Oreina – Ciervo (Koldo Almandoz)

Si se pretende capturar la esencia de la vida de una región se deben retratar a sus gentes, en todas sus posibles aproximaciones de la cotidianidad y de su existencia conectada a la tierra, amigos, familiares, costumbres y raíces. Koldo Almandoz es muy consciente de ello al escoger los tres protagonistas de Oreina, fragmentando las distintas realidades de los habitantes de una zona de la periferia entre lo urbano y lo rural, cuyo día a día está definido por el tránsito constante de individuos y por el apabullante paisaje natural de sus marismas.
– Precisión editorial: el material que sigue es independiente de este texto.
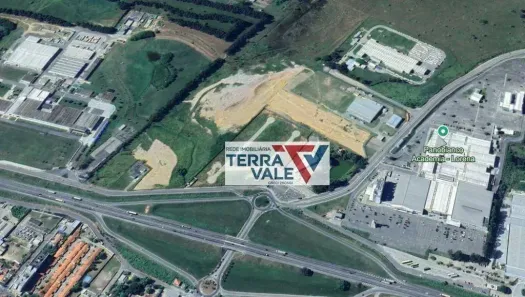 Lote/Terreno à venda, 55980m² no Santa Lucrécia, Lorena
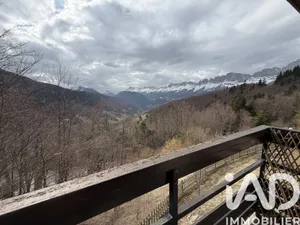 Appartement à Château-Bernard (38650)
En esta fragmentación y a partir de una observación casi documental durante gran parte de su metraje, el film desvela los hábitos y las rutinas de tres personas y sus perspectivas distintas a la convivencia con los demás y a la formación de vínculos con el lugar que sirve de escenario a sus propósitos, arrepentimientos, conflictos sin resolver y el peso del legado, cuyo significado es muy diferente para cada uno de ellos.
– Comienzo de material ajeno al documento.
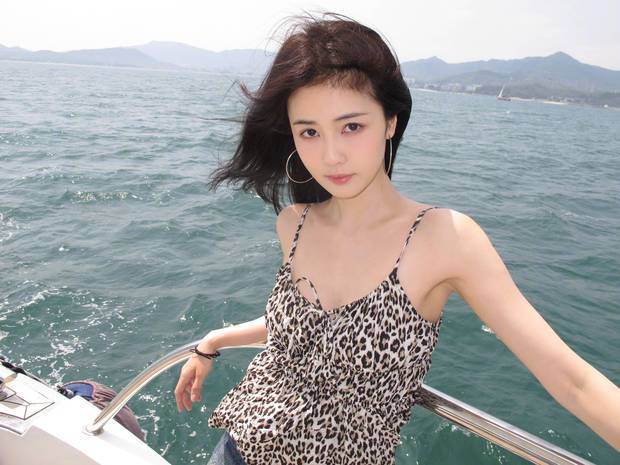 白鹿穿豹纹吊带出海怡然自得 笑容甜美松弛又自然 -4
Las raíces de Khalil se encuentran muy lejos de este espacio inhóspito en gran medida. Sin embargo lo que vemos en él es el esfuerzo incesante por integrarse en la comunidad mientras sobrevive como puede con sus apaños para conseguir dinero, encontrar intimidad en la chica que le gusta o tener que enfrentarse a los abusos de los intolerantes. Su relato personal es una historia de esfuerzo por la integración. Martín, un oriundo de la región que escapó para vivir su vida en sus términos y progresar, forzado a regresar por las circunstancias. Las posibilidades para él de realizarse estaban únicamente en deshacerse del peso y las limitaciones de sus orígenes. Ahora debe convivir con el dolor del pasado y una relación rota con su hermano José Ramón, un cazador furtivo que no se ha movido del lugar —aceptando su identidad, pero en conflicto permanente con una sociedad cambiante a la que no es capaz nunca de adaptarse del todo—. La herencia cultural, familiar y su significado personal son proyectados a través de este tejido narrativo para construir la dimensión social a la que la película aspira sin perder el aspecto humano y concreto de su planteamiento naturalista.
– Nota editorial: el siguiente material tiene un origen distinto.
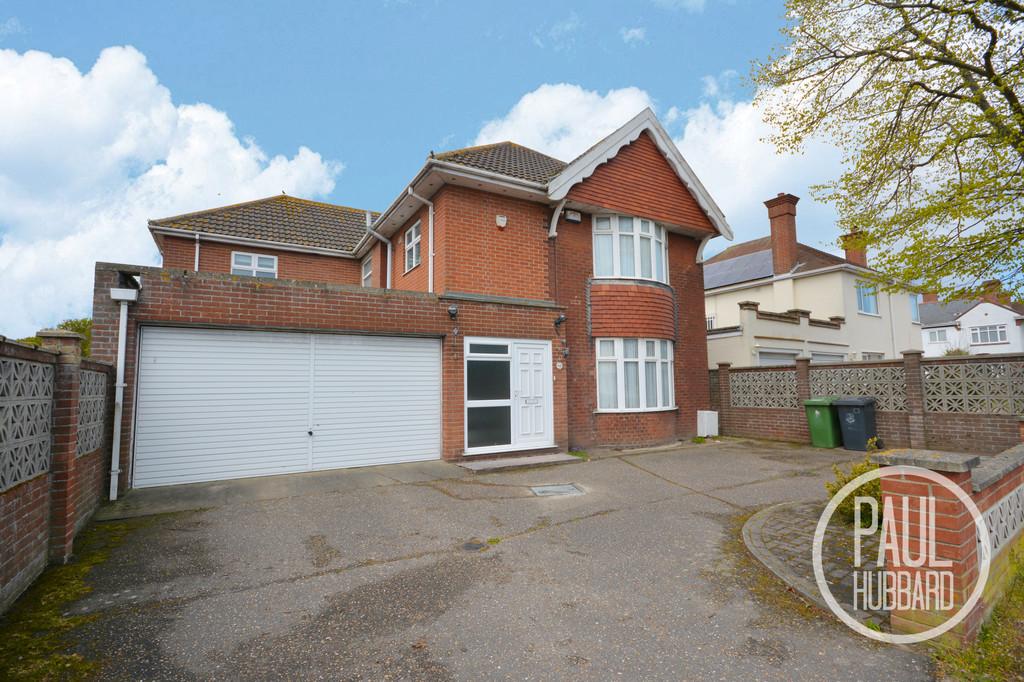 Middleton Road, Gorleston, Norfolk 5 bed detached house £370,000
Es en la interacción entre sus personajes en la que encontramos el fundamento de esas orillas del río, bosques, aldeas y sitios de paso de viajeros en las carreteras. Pero es también a partir de esa desierta zona, de sus tradiciones ya casi olvidadas —de la memoria de sus habitantes, sus momentos de felicidad y tristeza vividas en casas y huertos colindantes— que perviven entre los que allí resisten, donde podemos comenzar a entender y a explicar el carácter de los nativos de este área que representa una manera de vivir en pleno proceso de desaparición y de transformación en otra cosa, en algo imposible de pronosticar por lo extremadamente mutable que resulta ante los cambios que depara el futuro, ante los desafíos que ofrece el presente. Las imágenes de Almandoz conectan esa Euskadi moderna y cosmopolita de sus grandes ciudades y cinturones industriales con otra realidad que existe en los márgenes, en plena crisis de identidad. Una identidad que se enriquece con la aportación de elementos de culturas ajenas, mientras se pierde en el tiempo con la despoblación, el envejecimiento y la fuga de emigrantes a otras zonas y países con mejores oportunidades. Es así cómo Oreina configura una apacible y casi nostálgica mirada desde la autenticidad de sus localizaciones y la verdad que contienen sus imágenes a modo de ventana a la propia realidad. Una realidad en continua metamorfosis a pesar de su aparente invariabilidad.